Да, это было актерство, однако актерство высшего класса. Слово плевалось пламенем, точно завывал сам сатана, шибало током, скопившимся в сердце человеческого сердца, в нутре нутра.
Оно вонзилось в полковника, как шпора в лошадиный круп. Взвившись стальной пружиной, он в три прыжка подлетел к критянину и отвесил тому бешеную, сокрушительную оплеуху. Голова партизана завалилась набок, но он сразу же выправился. В ушах зашумело, словно это я схлопотал затрещину. Можно намалевать синяки, сфабриковать кровавую повязку, но подобный тумак подделать нельзя.
Ниже по склону уже волокли из кустов второго. Он не держался на ногах, его тащили под мышки. Швырнули на тропу; стеная, он рухнул на бок. Сержант спустился туда, взял у одного из солдат флягу, вылил содержимое на голову паренька. Тот попытался встать. Сержант что-то скомандовал, и прежние конвоиры помогли пойманному подняться.
Голос полковника.
Солдаты разобрались в колонну по два так, что пленники очутились внутри строя, и тронулись восвояси. Через минуту спина замыкающего исчезла по тьме. Со мной остались два конвоира, полковник и лейтенант.

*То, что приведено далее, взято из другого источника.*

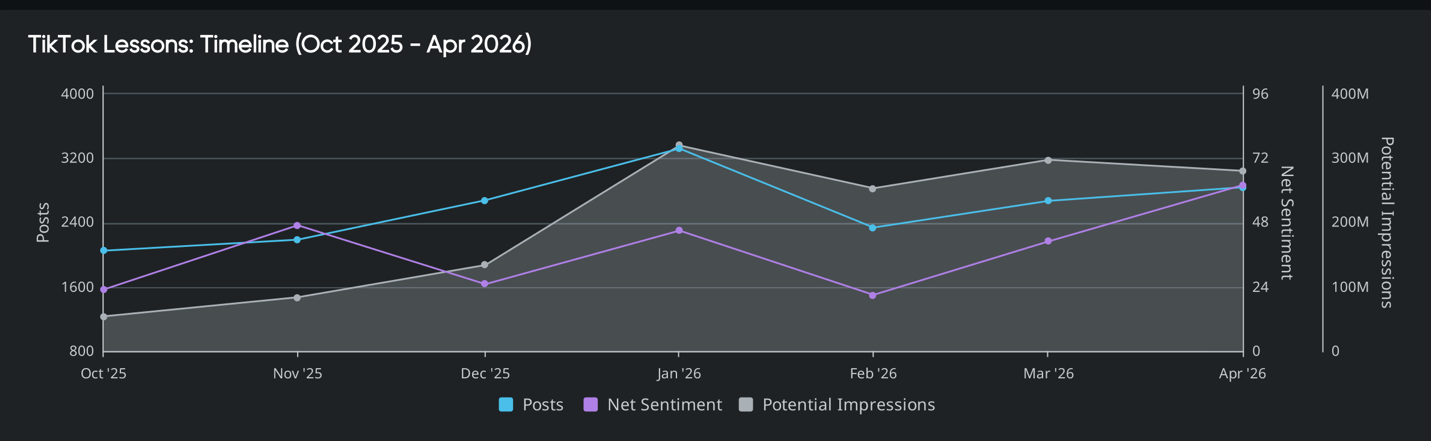 Line chart of TikTok posts, net sentiment, and impressions over time, highlighting trend analysis and market intelligence insights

Полковник приблизился. Непроницаемая харя василиска. Выговорил по-английски, старательно, раздельно:
— Это. Еще. Не. Конец.
Губы даже скривились в угрюмой ухмылке; угрюмой и угрожающей. Точно он подразумевал не только то, что за этой сценой последует новая, но и нечто большее: имперские амбиции фашистов вскоре возродятся и завладеют умами. Нервы у него были просто железные. Закрыв рот, он повернулся и отправился вниз, догонять солдат. Лейтенант — за ним. Я крикнул вслед:
— Чему не конец?
Молчание. Две темные фигуры — та, что повыше, прихрамывает — затерялись в белесых, рыхлых кустах тамариска. Я обратился к охранникам:
— Дальше что?
Вместо ответа меня ткнули вперед и сразу назад, заставляя сесть. Я было вступил в комическую схватку, но через несколько мгновений они легко одержали верх. Споро скрутили веревкой мои лодыжки, подтащили к стволу, дабы я мог упереться спиной. Младший пошарил в нагрудном кармане кителя и кинул мне три сигареты. Я чиркнул спичкой и при ее свете осмотрел их. На вид дешевые. Вдоль каждой тянется оттиснутая красными буквами фраза Leipzig dankt euch [81] с крохотными черными свастиками по бокам. Та, которой я затянулся, отдавала плесенью и десятилетней давностью, будто правдоподобия ради в представлении использовались настоящие консервированные сигареты военной эпохи. В сорок третьем дымок ее был бы душист.